Mozilla Dials Back on Firefox Opportunistic Encryption
Mozilla issued the Firefox 37.0.1 update, which disables the opportunistic encryption feature that was just introduced in Firefox 37.Mozilla has had a change of heart regarding opportunistic encryption—for now. The company rolled out its open-source Firefox 37 Web browser on March 31, with one of the key new features being a capability known as opportunistic encryption. However, due to a security issue related to opportunistic encryption, Mozilla disabled the feature in the Firefox 37.0.1 update released April 3. The security issue is located in Mozilla's HTTP Alternative Services (Alt-Svc) implementation, which is connected to the opportunistic encryption capability. "If an Alt-Svc header is specified in the HTTP/2 response, Secure Sockets Layer (SSL) certificate verification can be bypassed for the specified alternate server," Mozilla warned in its security advisory. "As a result of this, warnings of invalid SSL certificates will not be displayed, and an attacker could potentially impersonate another site through a man-in-the-middle (MTIM), replacing the original certificate with their own." Opportunistic encryption is designed to encrypt potentially sensitive data that would otherwise have been sent unencrypted and in the clear.
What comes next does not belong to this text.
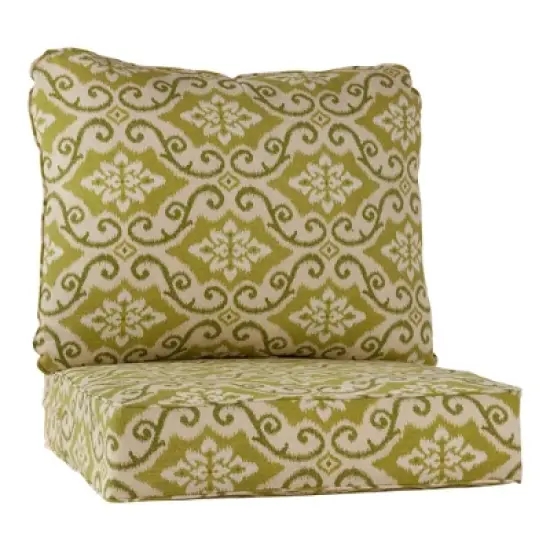 2-Piece Deep Seat Outdoor Cushion Set image {44}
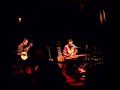 Bob Brozman and Skip Sail live at the Vanguard Bob Brozman and Skip Sail live at the Vanguard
The opportunistic encryption capability makes use of the new HTTP/2 protocol, which is the next generation of the HTTP protocol that dominates the Web today.
"Opportunistic encryption is a related but separate feature that depends on Alt-Svc," Chad Weiner, director of product management at Mozilla, told eWEEK. "Opportunistic encryption was disabled because of its use of Alt-Svc."